> _WORK REQUIRED_: Would you please repeat, word for word, only the lines from the one holding "The specimen stage" through the one holding "Scale drawing M12" in the material below, without the pictures?

> _DATA FOR PROCESSING_:

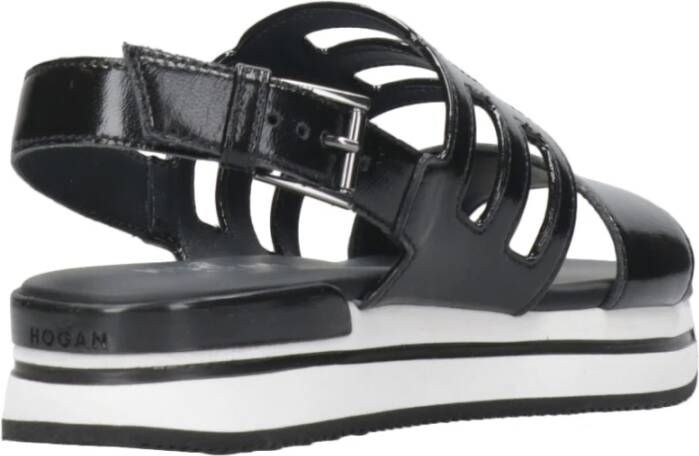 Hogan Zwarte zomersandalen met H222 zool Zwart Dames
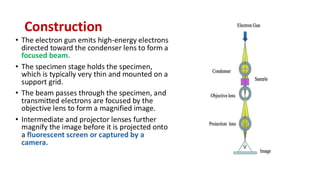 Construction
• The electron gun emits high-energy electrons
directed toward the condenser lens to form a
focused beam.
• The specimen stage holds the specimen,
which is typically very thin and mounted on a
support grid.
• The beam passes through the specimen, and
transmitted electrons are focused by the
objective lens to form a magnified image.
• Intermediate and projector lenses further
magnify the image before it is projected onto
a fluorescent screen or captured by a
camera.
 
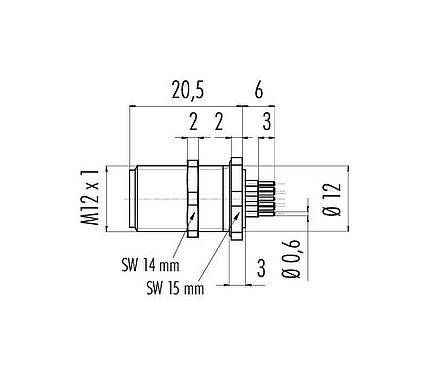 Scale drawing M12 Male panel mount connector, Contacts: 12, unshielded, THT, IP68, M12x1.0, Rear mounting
--
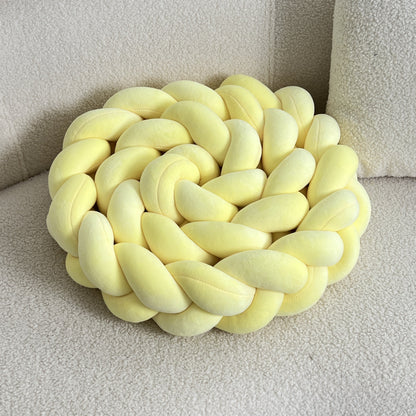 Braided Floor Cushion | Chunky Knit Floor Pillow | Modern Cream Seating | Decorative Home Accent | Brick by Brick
...
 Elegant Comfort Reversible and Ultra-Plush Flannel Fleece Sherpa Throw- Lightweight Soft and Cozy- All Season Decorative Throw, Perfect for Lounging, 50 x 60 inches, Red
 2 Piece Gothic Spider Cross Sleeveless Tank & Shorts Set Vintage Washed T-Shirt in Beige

> _SOLUTION FOR THIS PROBLEM_:
• The specimen stage holds the specimen,
which is typically very thin and mounted on a
support grid.
• The beam passes through the specimen, and
transmitted electrons are focused by the
objective lens to form a magnified image.
• Intermediate and projector lenses further
magnify the image before it is projected onto
a fluorescent screen or captured by a
camera.
 
 Scale drawing M12 Male panel mount connector, Contacts: 12, unshielded, THT, IP68, M12x1.0, Rear mounting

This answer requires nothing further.